Over the time it has helped to build 125 startups, BlueChilli has received more than 12,000 pitches. Its selection process is geared toward mitigating what Eckersley-Maslin describes as the four risks of entrepreneurship: building the right product, raising capital, demonstrating a product market-fit, and recruiting and training the right talent.
“If we get four little ticks, we make an investment decision, but it’s generally about one per cent of the ideas that are pitched to us.”
While Eckersley-Maslin struggles to name a favourite BlueChilli startup, he said he particularly admires those that seamlessly blend the digital and physical worlds.
“I like the ones where the technology is transparent to the experience,” he said.
He cited the example of BindiMaps, a startup founded by 2019 Australian of the Year nominee Dr Anne Wright.
BindiMaps provides indoor navigation and guidance for people with vision impairment through a network of Bluetooth beacons, a sophisticated mapping and route-guidance system, and smartphone sensors.
Its mobile app employs a simple, natural-language audio system to describe where users are, what’s around them and the best way to get to their chosen destination.
“We built a prototype for this business and were able to get UTS and a few large corporates as trial partners,” Eckersley-Maslin said.
“It’s a good success story for us.”
In safe hands
In 2016, 187 Australians were killed and almost 105,000 were seriously injured as a result of a workplace incident.

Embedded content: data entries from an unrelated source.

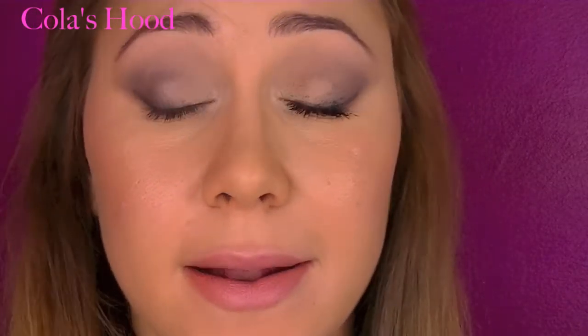I'm applying my mascara — I'm using the Double Extension by L'Oréal, but just the dark side because I don't want drama eyelashes. It's an everyday look and I'd rather keep it soft. And that's the final look of this Naked Basics makeup tutorial.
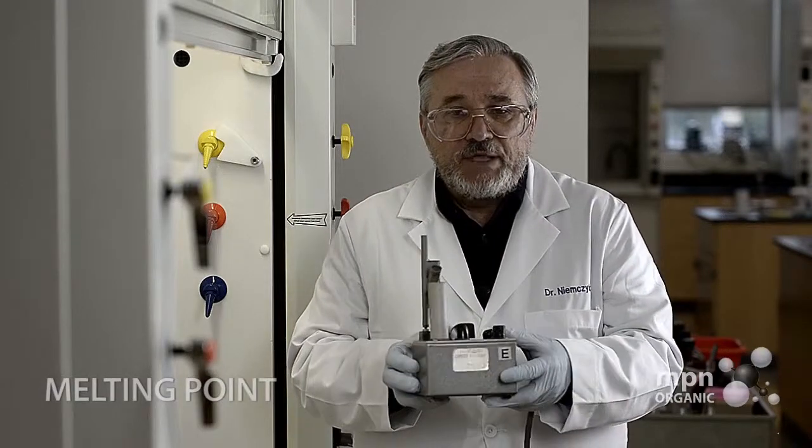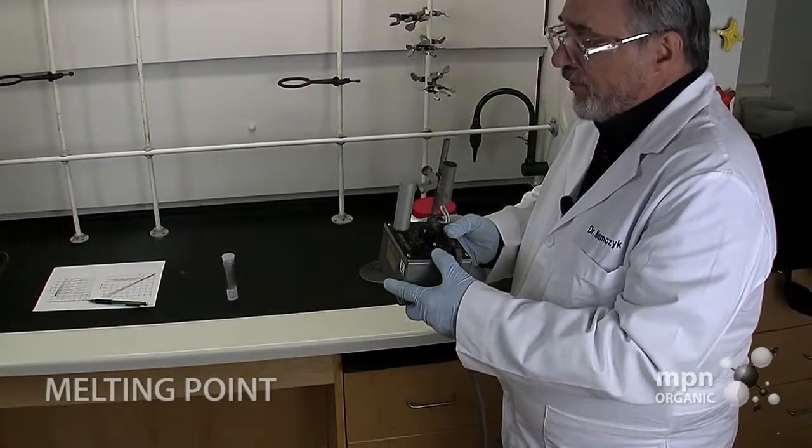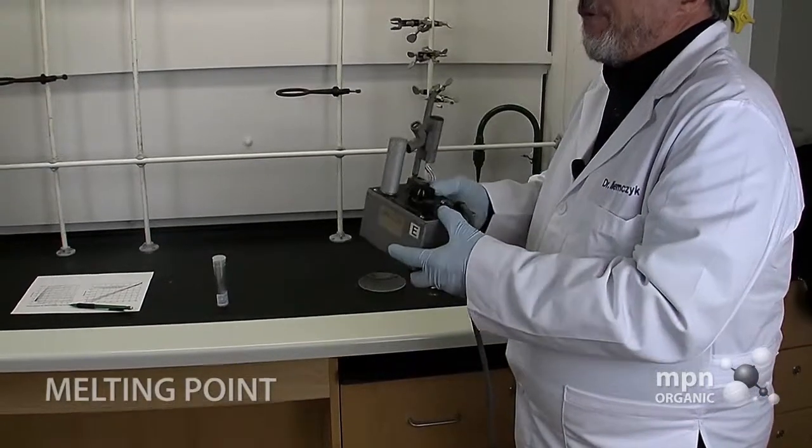The device that we're going to use is what we call the MeltTemp. We have two varieties of this MeltTemp in the lab. This is the older of the two varieties, but it performs this very same function, and we're going to be using that.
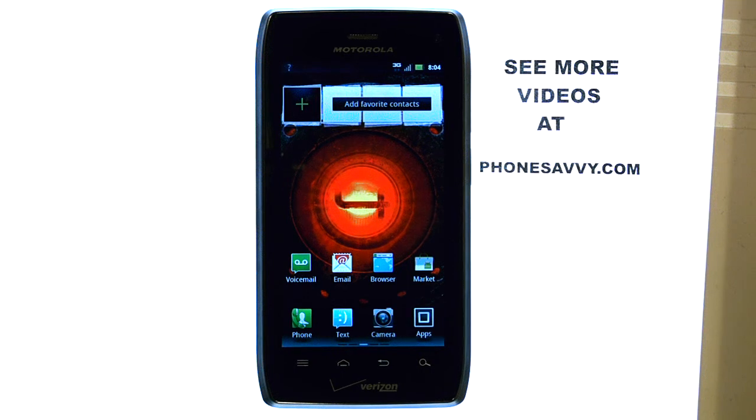Welcome to PhoneSavvy.com smartphone training videos. Learn a lot more about the new Motorola Droid 4 at our website, PhoneSavvy.com.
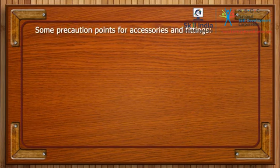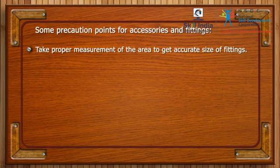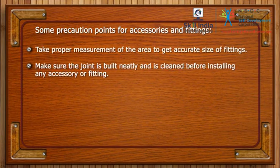Some precaution points for accessories and fittings: take proper measurement of the area to get accurate size of fittings. Make sure the joint is built neatly and is cleaned before installing any accessory or fitting.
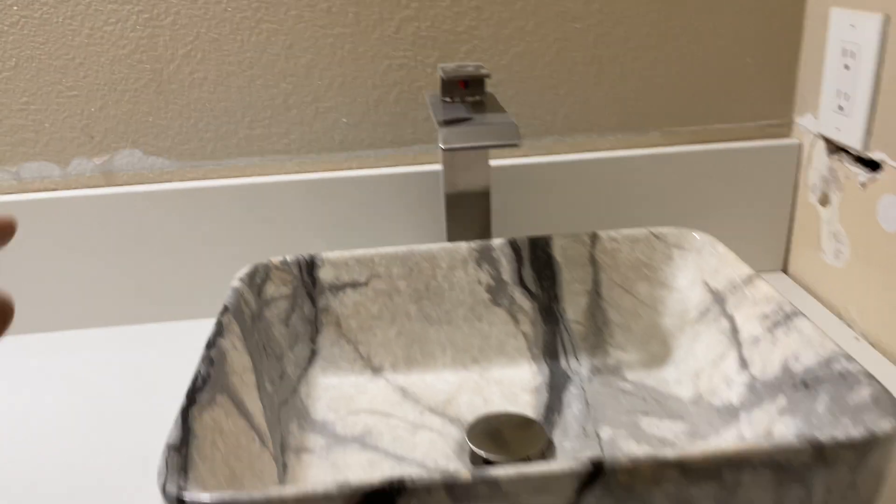And then you can install your faucet. The reason for that is because if your sink is not glued, it'll be moving around and then it'll be hard to get your pipes exactly where you want them because they'll move around.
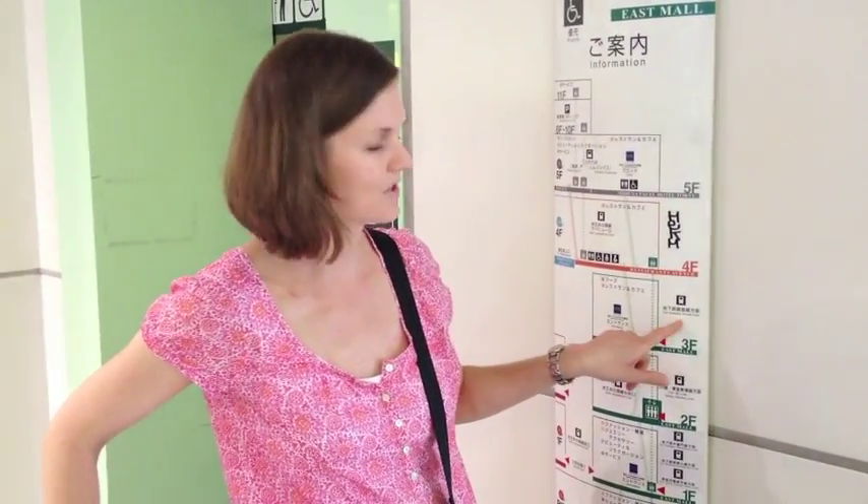You can see here we're on the second floor. And here on the third floor it says 'cross subway Ginza Line.' So catch the elevator up and go across.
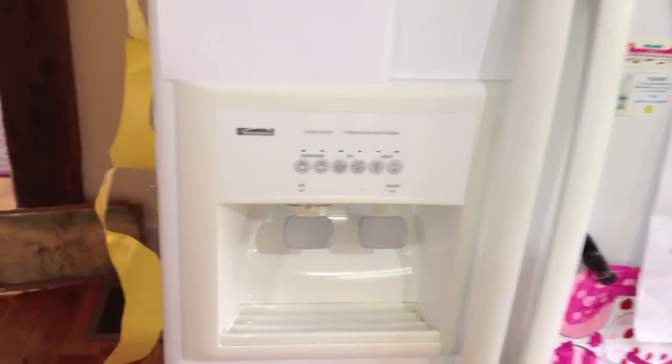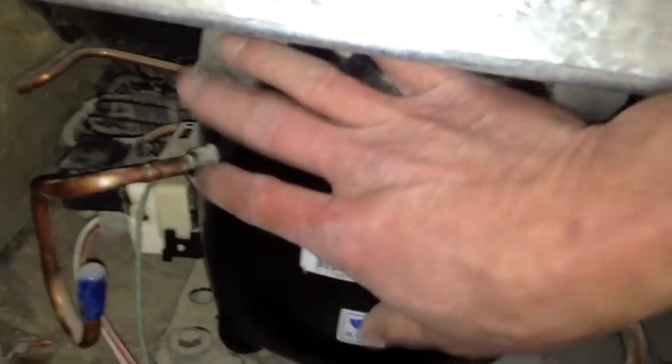Working on a Whirlpool-built Kenmore side-by-side refrigerator today. The complaint is the customer was using the refrigerator and smelled a burning smell, and the refrigerator started warming up. I opened the compressor compartment back here — I'm in the back of the refrigerator — removed that panel, and felt that the compressor wasn't running.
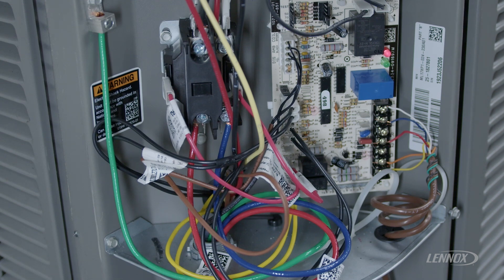This is saving the compressor from a short cycle mode that protects that compressor from possible failure. So during this state, the compressor is waiting a total of five minutes before that compressor will be energized again.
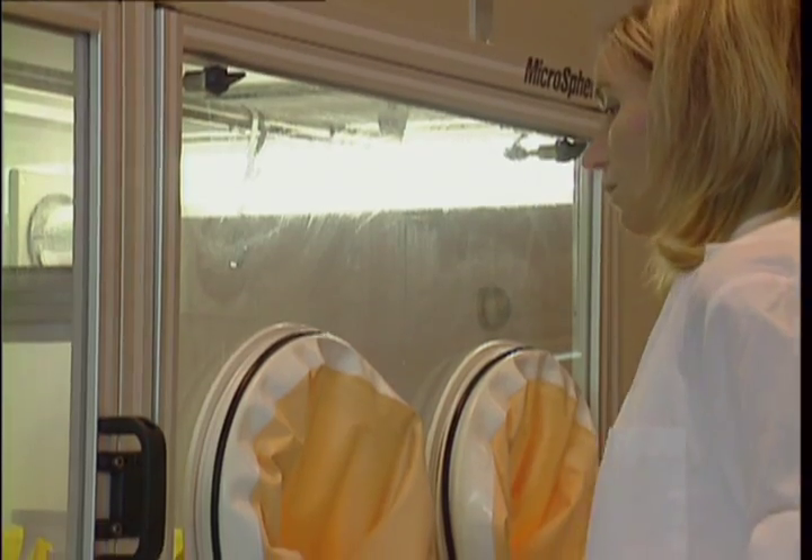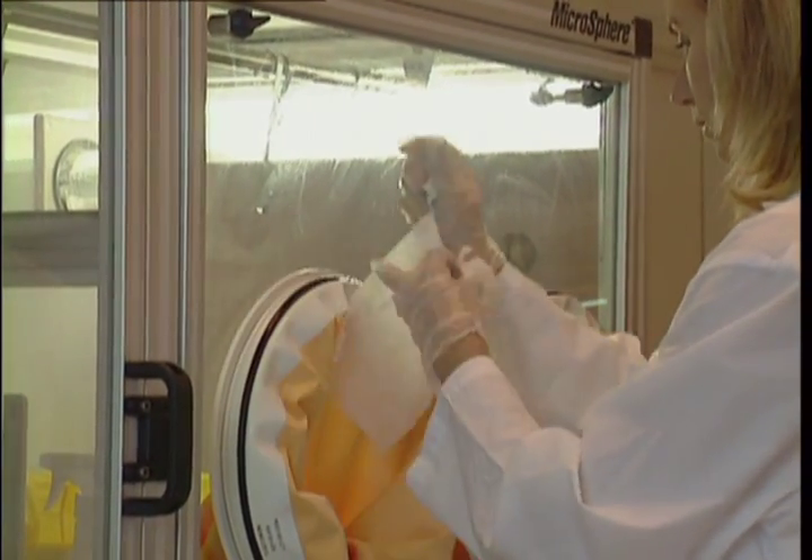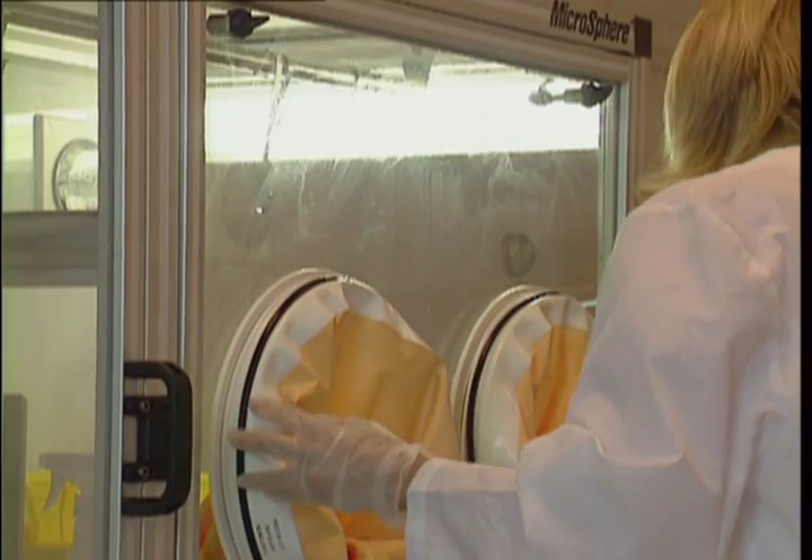Clean the external surface of the front glove port window. Upon cleaning, decontaminate the unit.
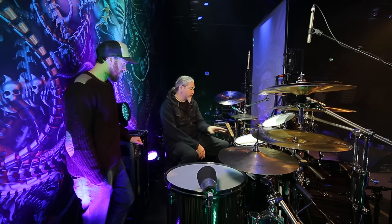Right now it's Remo Emperor coated on all the batter heads, and Emperor X coated on the snare because they can take a lot of beating. Power Stroke 3s coated on the kick drums. Sometimes I'll use coated Pinstripes as well.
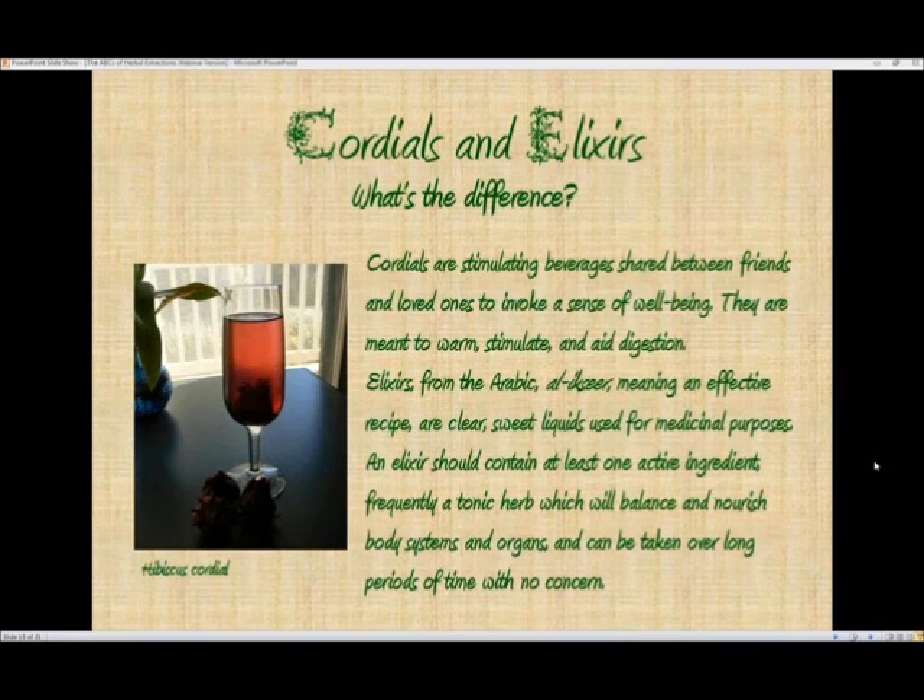Cordials and elixirs — what is the difference? Sometimes these terms are used interchangeably but they are somewhat different. Cordials are stimulating beverages that are shared between friends and loved ones to invoke a sense of well-being — hence the term cordial. They are meant to warm, stimulate, and aid digestion, so you frequently drink them just before or just after you eat.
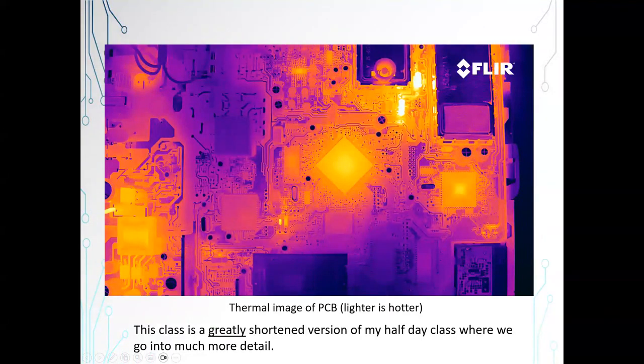This is a nice screenshot of a thermal image of a PCB. You can see the die inside the ICs — it's really neat. You can see the hot spots on the board. You can see these resistors are running much hotter than the rest of the board. In my full-day class, I go over tools, and the infrared imager is really a great tool to have. As Lucy mentioned, this class is a greatly shortened version of my half-day class that will be in January.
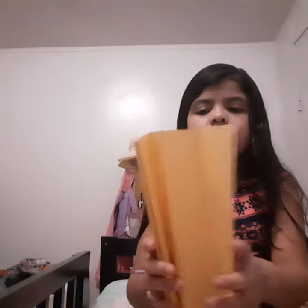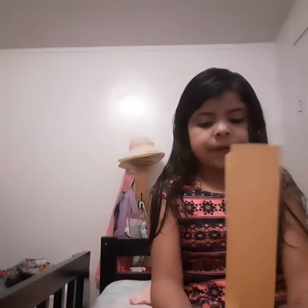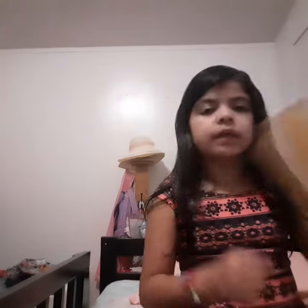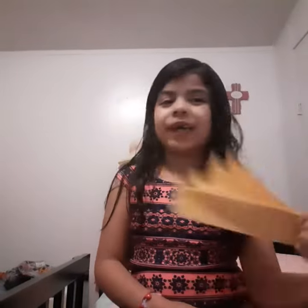Now you're going to put it together like this. Now you can tape it right here or you can staple it. And now you have your own fan — in case you're hot in the summer. And that's how you make a fan.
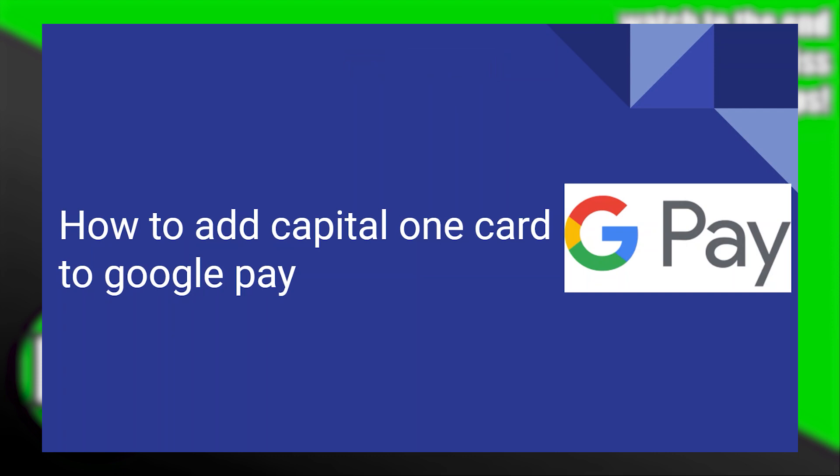Adding a Capital One card to Google Pay is very easy to do. Today I'm going to show you how to do it.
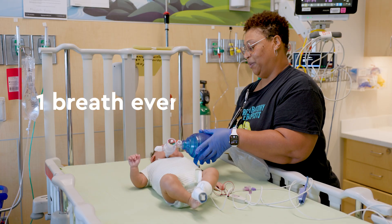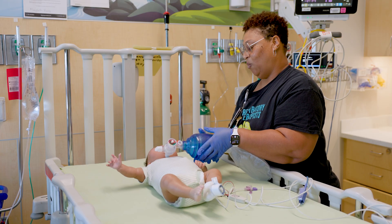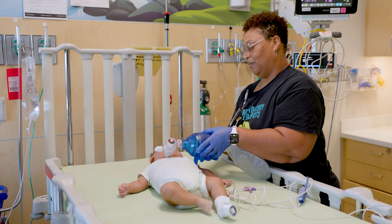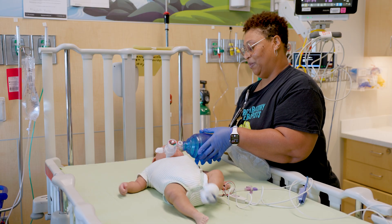Give your child one breath about every two to three seconds, which is about 20 to 30 breaths a minute. Count out loud to make sure you are not giving breaths too fast or too slow.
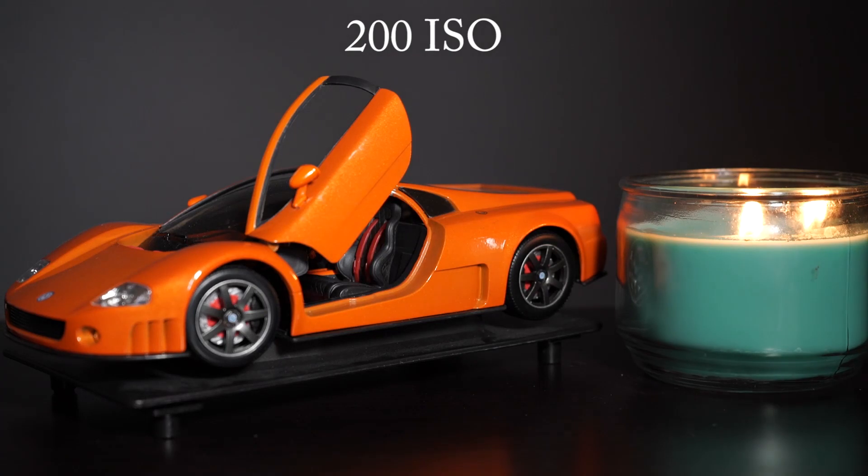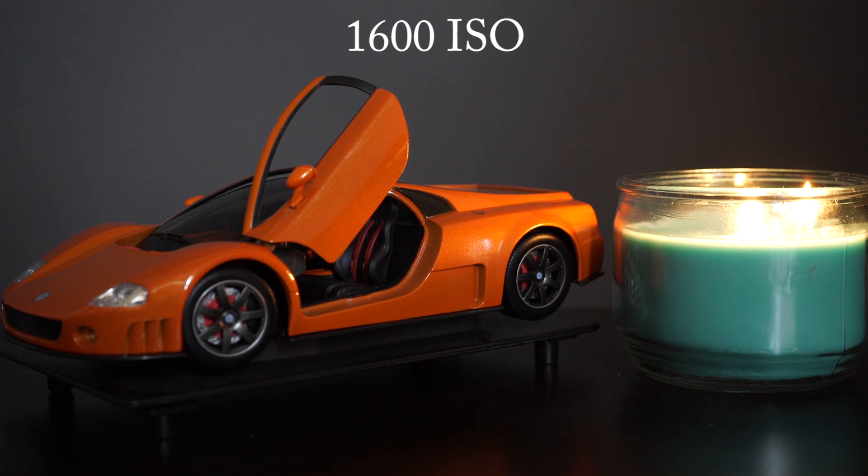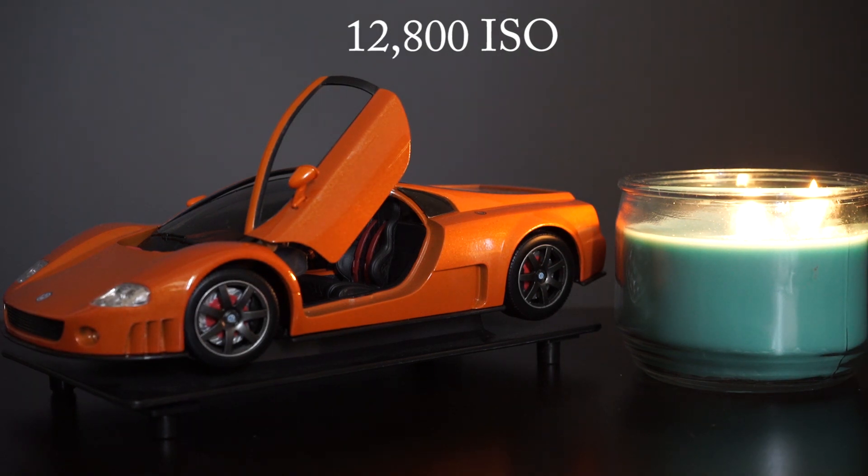Here are the results — take a look and learn for yourself. The first thing I notice is a little bit of grain here at 200 ISO. However, as we ramp that up, almost nothing changes. Even at 1600 ISO it's a very clear image — I really don't even begin to see any issues.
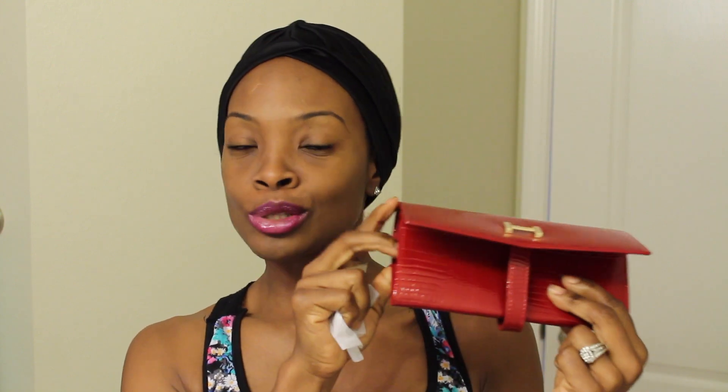This is what it looks like. You can never go wrong with a new wallet, right? So I thought that was cool. Thanks Best Lace Wigs, that was really thoughtful. So I got a new wallet. All right, this is the unit right here.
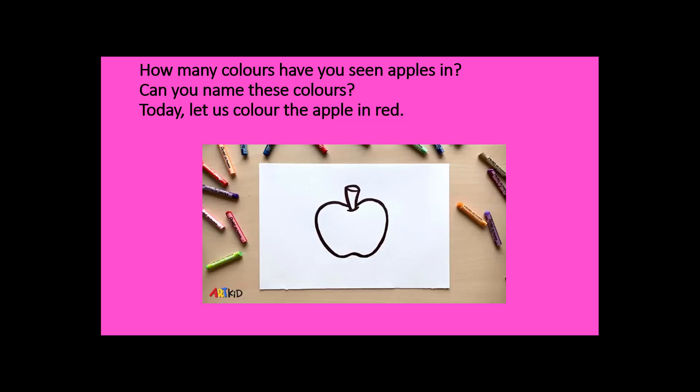Here we are going to talk about coloring. If you are teaching your child coloring and how to hold the pencil, give them some pictures to color, give them some outlines. I have set an example of an apple. I can teach — how many colors have you seen apples in? Can you name these colors? Today let us color the apple in red.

BlueChilli start-up The Safety Compass aims to significantly reduce those numbers.
The Safety Compass, founded in 2015 by Adam Poole, is a mobile app that uses augmented reality to help workers assess, manage and avoid dangers in their workplace.
It accesses a worker’s physical location and adapts and compensates for their field of vision by delivering vital information on present dangers to their phone.
Poole was completing his master’s in occupational health and safety when he pitched his idea in a Shark Tank-style competition at the University of Wollongong.
He received $5000 to build a prototype and was introduced to BlueChilli through the accelerator’s Disrupt@Scale program.
“BlueChilli saw potential in my ideas,” Poole said.
“The great thing about them is they take on non-tech founders, and I had no coding or development skills. They helped me with everything from choosing branding colours to developing elevator pitches and a business model. I’m sure there are a lot of engineers out there with brilliant ideas but they’re not sure how to commercialise them. That’s where places like BlueChilli come in.”
The Safety Compass won the Patron’s Award and the Good Design Selection Award at the 2016 Australian Good Design Awards. Poole said it is currently involved in a number of pilots.
“There’s often a long road to sales, as you need to prove your work,” he said.
Such success stories are a long time in the making. Eckersley-Maslin said entrepreneurs should not be deterred by early failure.
“Successes take at least seven years to mature, generally speaking, but failures happen much faster,” he said.
“The good thing about that is you’re able to learn from where you get it wrong very quickly and adapt. We don’t often know if our start-ups will be a success until they’ve had time to grow themselves.”